WHAT TO DO = Transcribe the line that contains "A7x ai - Sholawat Jibril 🥁 #drums #shorts" and every line after it to the end of the records, exactly and nothing else. Skip the pictures.

(Saved data entries)
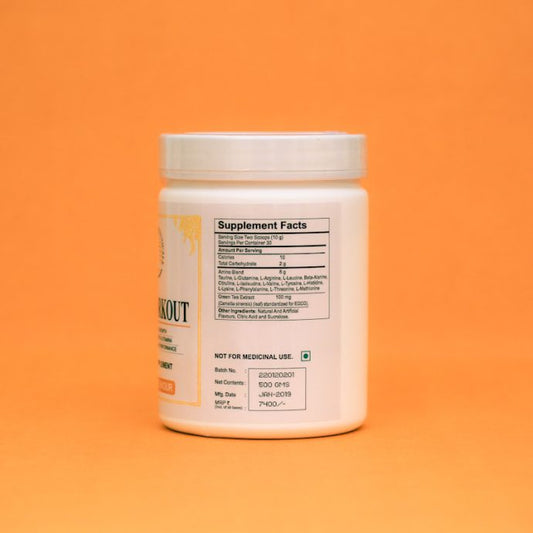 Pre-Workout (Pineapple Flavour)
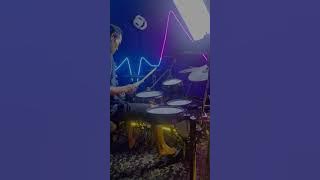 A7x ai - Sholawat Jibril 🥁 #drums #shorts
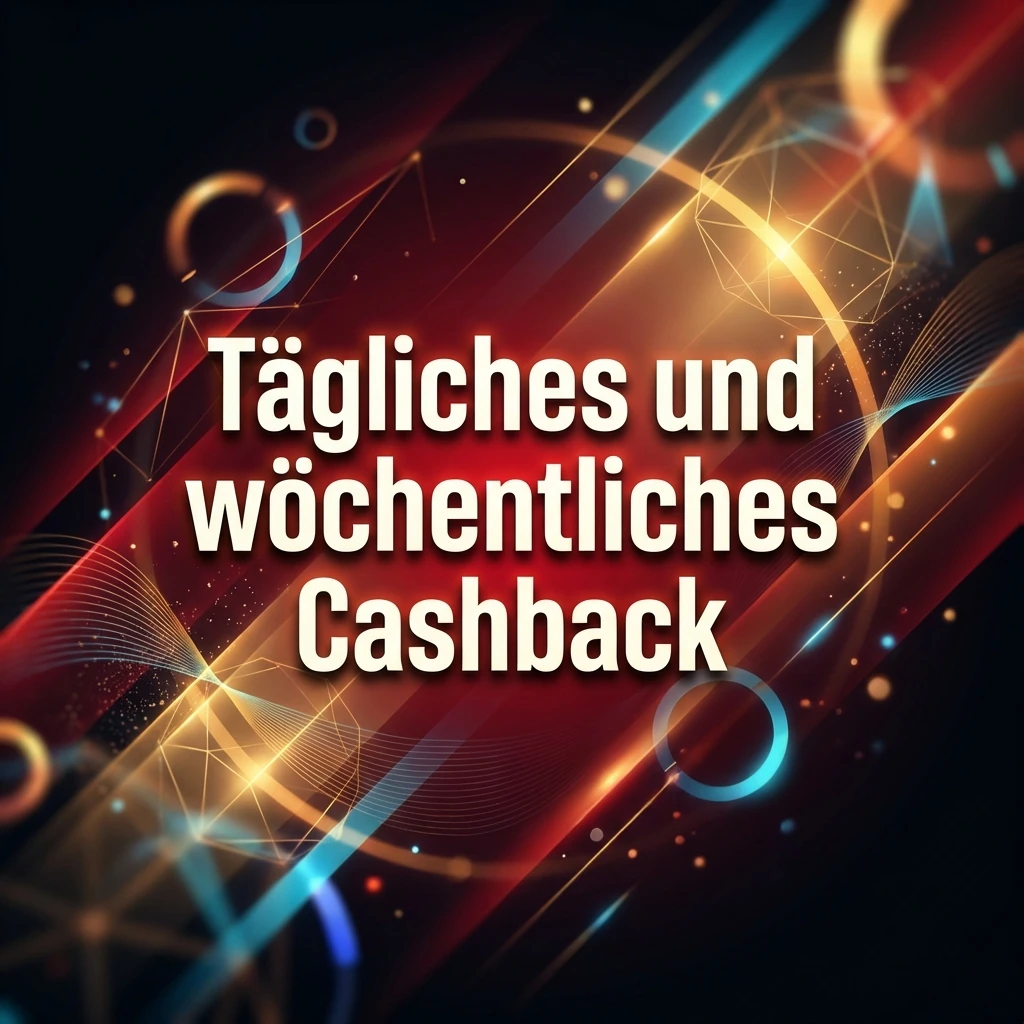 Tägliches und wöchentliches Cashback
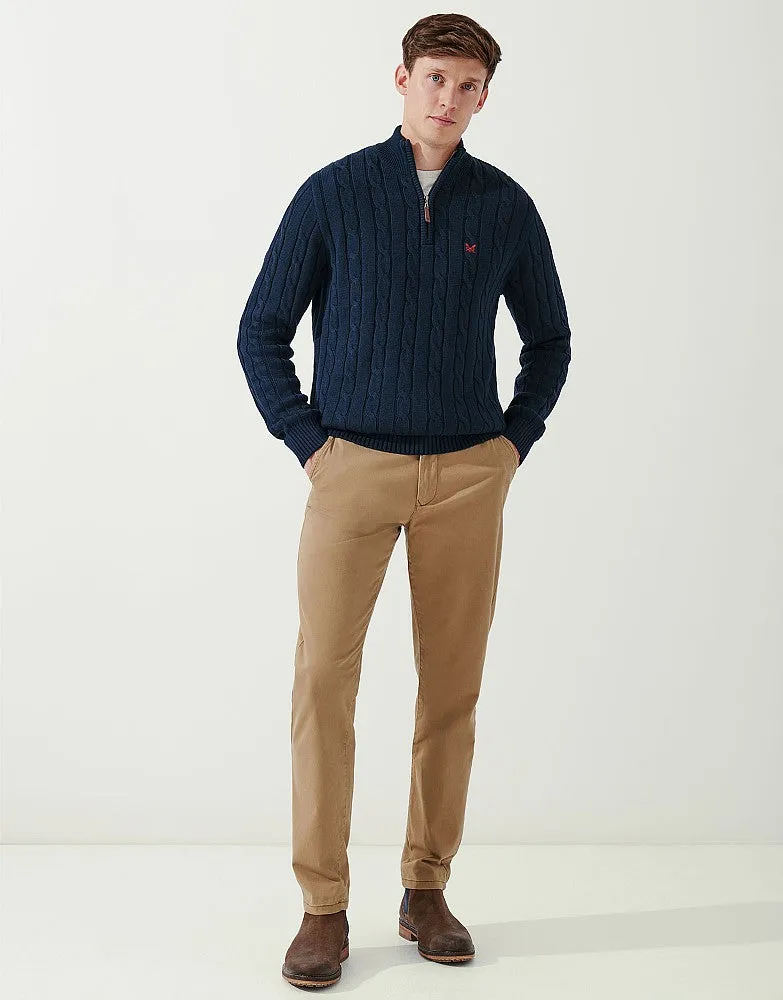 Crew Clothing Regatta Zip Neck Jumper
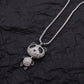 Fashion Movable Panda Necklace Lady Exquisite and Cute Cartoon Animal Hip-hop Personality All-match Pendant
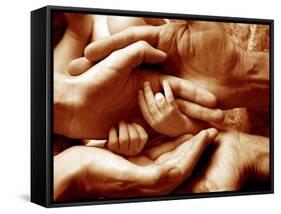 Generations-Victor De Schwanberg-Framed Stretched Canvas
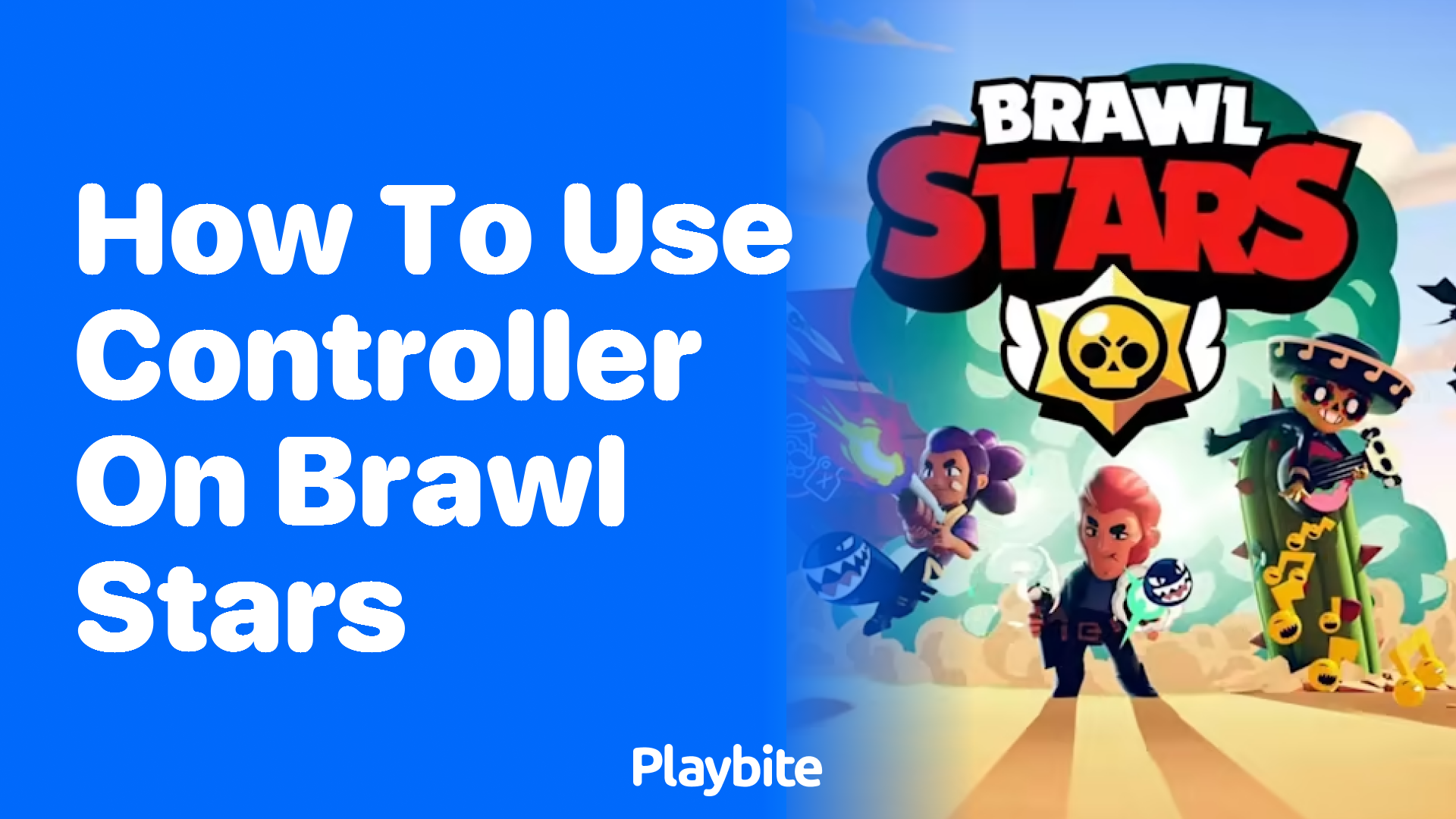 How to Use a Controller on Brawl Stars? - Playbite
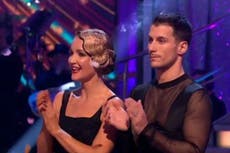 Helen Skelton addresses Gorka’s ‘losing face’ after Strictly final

RESULT FOR THIS TASK =
 A7x ai - Sholawat Jibril 🥁 #drums #shorts
 Tägliches und wöchentliches Cashback
 Crew Clothing Regatta Zip Neck Jumper
 Fashion Movable Panda Necklace Lady Exquisite and Cute Cartoon Animal Hip-hop Personality All-match Pendant
 Generations-Victor De Schwanberg-Framed Stretched Canvas
 How to Use a Controller on Brawl Stars? - Playbite
 Helen Skelton addresses Gorka’s ‘losing face’ after Strictly final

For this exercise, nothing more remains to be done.